[Input records]:
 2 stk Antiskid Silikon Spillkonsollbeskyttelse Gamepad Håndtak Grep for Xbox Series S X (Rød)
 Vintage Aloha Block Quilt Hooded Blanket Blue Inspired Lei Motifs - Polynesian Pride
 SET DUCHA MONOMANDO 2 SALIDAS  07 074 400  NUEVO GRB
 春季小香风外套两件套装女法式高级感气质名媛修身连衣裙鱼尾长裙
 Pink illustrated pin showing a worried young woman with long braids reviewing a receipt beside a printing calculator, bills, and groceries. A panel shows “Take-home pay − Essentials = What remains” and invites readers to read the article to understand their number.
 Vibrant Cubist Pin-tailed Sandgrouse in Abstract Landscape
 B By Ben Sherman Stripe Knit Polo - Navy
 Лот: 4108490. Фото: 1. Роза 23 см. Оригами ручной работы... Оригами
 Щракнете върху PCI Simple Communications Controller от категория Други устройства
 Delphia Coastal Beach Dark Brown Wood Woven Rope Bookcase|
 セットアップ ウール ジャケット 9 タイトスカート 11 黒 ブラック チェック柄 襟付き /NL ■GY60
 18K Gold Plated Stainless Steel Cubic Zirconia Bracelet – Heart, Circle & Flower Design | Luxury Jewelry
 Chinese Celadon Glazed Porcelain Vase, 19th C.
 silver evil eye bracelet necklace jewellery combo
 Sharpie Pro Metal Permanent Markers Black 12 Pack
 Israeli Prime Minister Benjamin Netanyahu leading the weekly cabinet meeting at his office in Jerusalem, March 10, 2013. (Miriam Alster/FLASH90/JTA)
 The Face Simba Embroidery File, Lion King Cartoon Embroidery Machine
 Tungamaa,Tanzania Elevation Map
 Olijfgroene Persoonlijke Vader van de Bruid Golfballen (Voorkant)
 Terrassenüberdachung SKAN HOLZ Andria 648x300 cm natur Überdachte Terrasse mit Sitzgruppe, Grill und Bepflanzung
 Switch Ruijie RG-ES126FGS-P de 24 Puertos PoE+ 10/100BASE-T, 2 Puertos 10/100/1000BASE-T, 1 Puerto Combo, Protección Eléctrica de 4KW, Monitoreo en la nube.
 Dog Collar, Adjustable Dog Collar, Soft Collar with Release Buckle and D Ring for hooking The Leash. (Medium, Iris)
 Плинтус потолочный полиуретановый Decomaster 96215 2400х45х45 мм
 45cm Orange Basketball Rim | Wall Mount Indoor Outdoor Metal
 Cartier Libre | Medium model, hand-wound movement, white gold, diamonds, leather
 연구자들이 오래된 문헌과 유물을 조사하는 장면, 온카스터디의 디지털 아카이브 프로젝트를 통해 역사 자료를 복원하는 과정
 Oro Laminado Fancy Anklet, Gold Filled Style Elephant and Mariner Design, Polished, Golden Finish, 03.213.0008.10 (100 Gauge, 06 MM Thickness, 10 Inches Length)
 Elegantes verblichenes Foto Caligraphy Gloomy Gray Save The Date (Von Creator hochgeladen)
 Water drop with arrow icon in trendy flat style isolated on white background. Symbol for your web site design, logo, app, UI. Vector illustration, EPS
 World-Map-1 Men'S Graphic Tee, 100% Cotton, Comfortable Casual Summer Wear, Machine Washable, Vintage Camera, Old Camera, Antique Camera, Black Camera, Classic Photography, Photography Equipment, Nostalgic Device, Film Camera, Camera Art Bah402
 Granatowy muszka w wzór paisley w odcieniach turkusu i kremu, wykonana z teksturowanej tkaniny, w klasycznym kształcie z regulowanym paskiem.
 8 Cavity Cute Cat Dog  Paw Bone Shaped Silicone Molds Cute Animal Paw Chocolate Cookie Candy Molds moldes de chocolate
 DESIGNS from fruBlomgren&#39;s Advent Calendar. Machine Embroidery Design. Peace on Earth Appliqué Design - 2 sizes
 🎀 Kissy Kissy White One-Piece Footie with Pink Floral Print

[Instructions for the task]: Show the lines in the entries above that include the string "Metal".

[Solution to this exercise]:
 Sharpie Pro Metal Permanent Markers Black 12 Pack
 45cm Orange Basketball Rim | Wall Mount Indoor Outdoor Metal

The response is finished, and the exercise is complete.